Contrairement aux commerçants pré-interviewés, Ibtissem ne porte pas de gants. «Je suis chargée seulement de la caisse et non de servir ou de préparer les plats. Seul le pizzaiolo a le droit d’assurer ces tâches et il n’a pas à toucher à autre chose que la nourriture, pas même de recevoir de l’argent », précise-t-elle. Pas de gants mais aussi pas de couverts jetables bien que la carte du menu affiche, bel et bien, la disponibilité des plats ! «Depuis hier, les contrôleurs d’hygiène font le tour des cafés, des salons de thé et des restaurants pour vérifier l’application infaillible des règles spécifiques à l’épidémie.

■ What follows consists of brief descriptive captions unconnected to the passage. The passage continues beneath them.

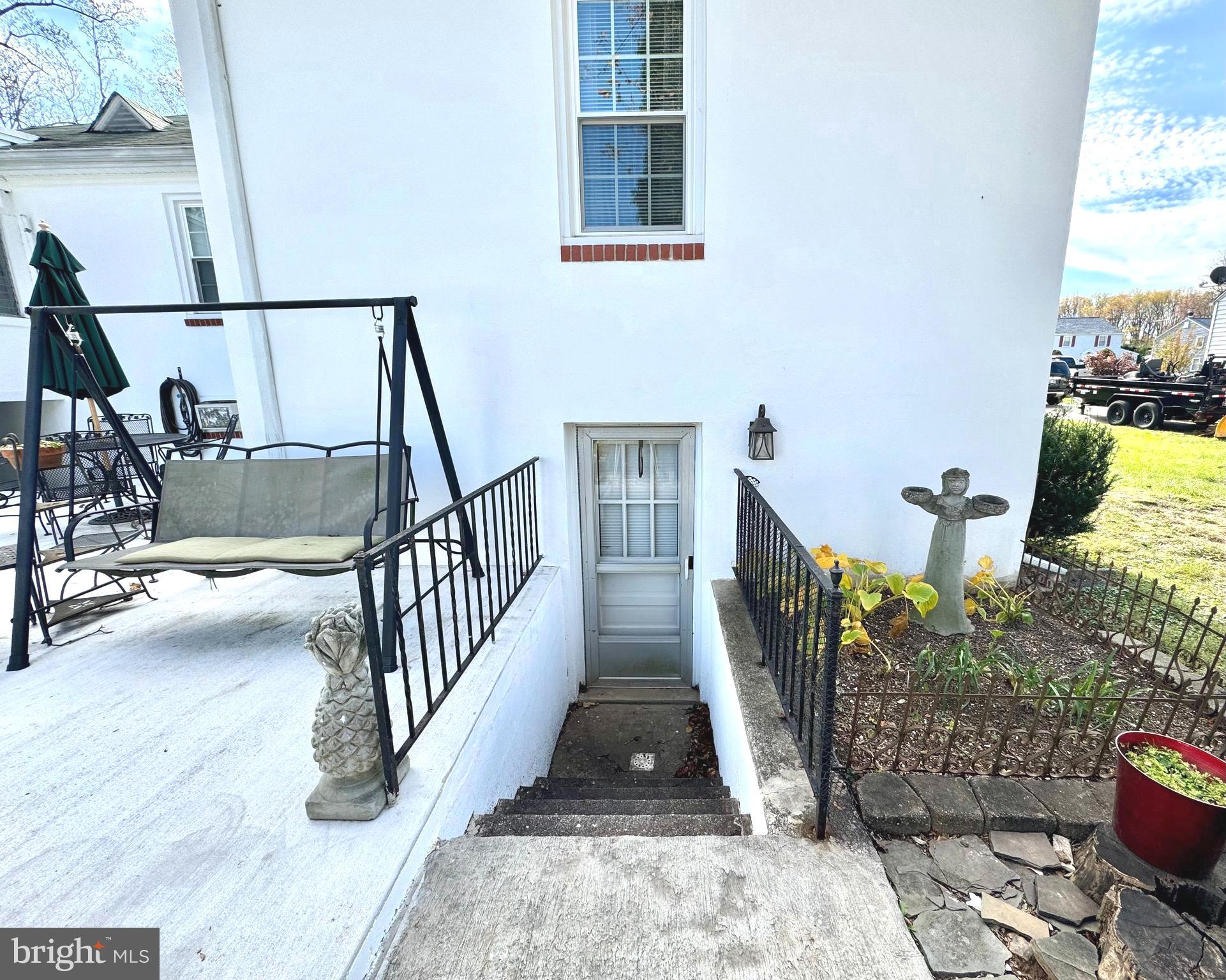 PIKESVILLE - Residential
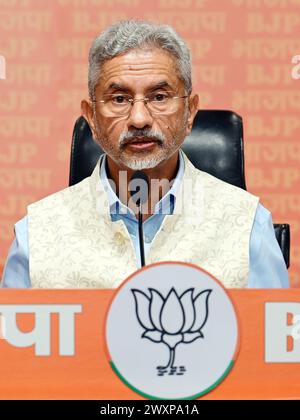 NEW DELHI, INDIEN – 1. APRIL: EU-Minister S. Jaishankar hält am 1. April 2024 in New Delhi auf einer Pressekonferenz im BJP HQ, DDU Marg. Außenminister S. Jaishankar erhob am Montag eine große Anklage gegen den ehemaligen Premierminister Pandit Jawaharlal Nehru wegen der Inselreihe Katchatheevu. Aus Nehrus Ansichten über die Insel zog der EU-Minister hervor, dass die Katchatheevu-Inseln für den ehemaligen Premierminister keine Bedeutung hätten und dies als "lästig" betrachteten. (Foto: Vipin Kumar/Hindustan Times/SIPA USA ) Stockfoto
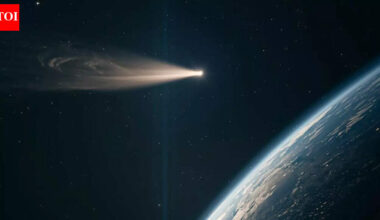Astronomers spot wobbling jets on rare interstellar comet 3I/ATLAS |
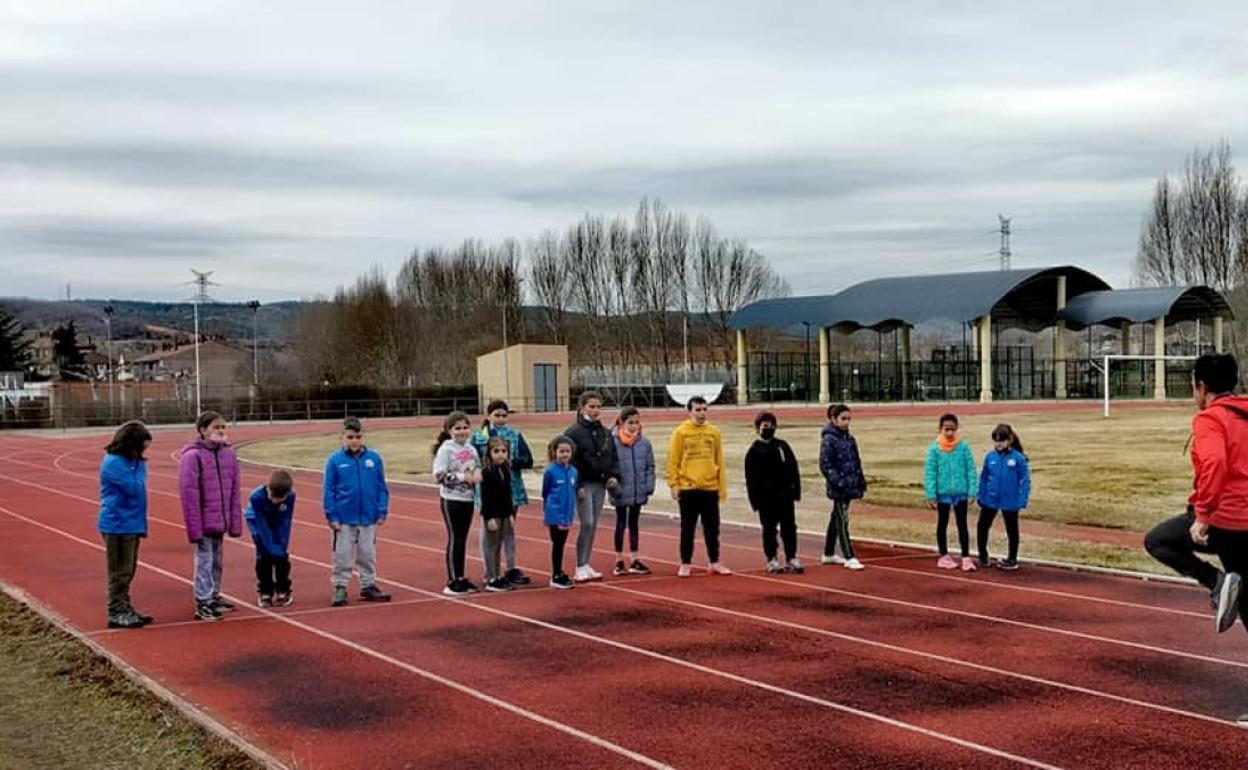 Los jóvenes se iniciaron en el mundo del atletismo.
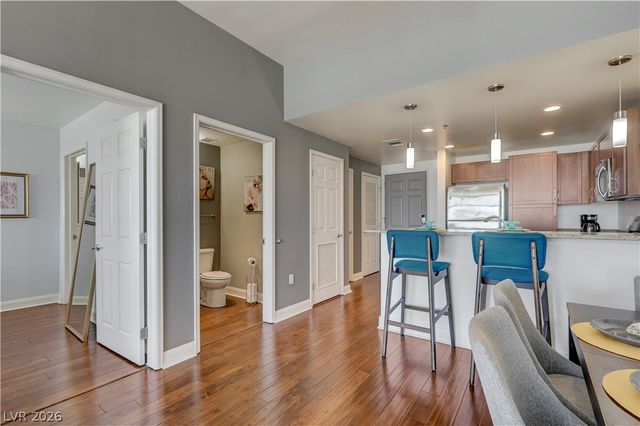 150 North Las Vegas Boulevard 2002, Las Vegas, NV 89101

Ils m’ont demandé de remplacer les assiettes et les couverts par d’autres, jetables. Or, mon commerce se limite, essentiellement, aux sandwichs et aux pizzas. Si je devrais utiliser des couverts et des assiettes en plastique, je serais amenée à exiger leurs prix ce qui déplaira forcément aux clients », indique-t-elle, perplexe. Et d’ajouter que le prix d’un couvert en plastique excède celui d’un gobelet, ce qui embarrasserait les clients et pourrait même les dissuader de passer des commandes dans son resto.
Ibtissem semble inquiète quant à la pérennité de son projet à cause des mesures de précaution contre le coronavirus. «Hier, j’ai dû fermer avant même de commencer à travailler. Comme vous voyez, il n’y a pas de clients à l’exception d’une dame qui a commandé un sandwich. Franchement, si cela continue, pense-t-elle à voix haute, le regard hagard, je serais obligée de fermer le temps que l’épidémie soit passée. Cela me coûterait moins cher que d’acheter des produits qui risquent fort d’être périmés, et de payer les factures relatives à l’électricité et à l’eau sans pour autant gagner de l’argent».
Manifestement, les mesures préventives d’une riposte bien justifiée s’annoncent rudes pour certains commerçants. Soit ! Préserver des vies et conjuguer les efforts pour freiner ce fléau imprévisible et dévastateur — car hyper contaminant — représentent un passage obligé. Reste à savoir trouver le juste équilibre entre l’atténuation du sentiment de panique et d’insécurité, d’une part, et se conformer infailliblement aux consignes préventives, de l’autre.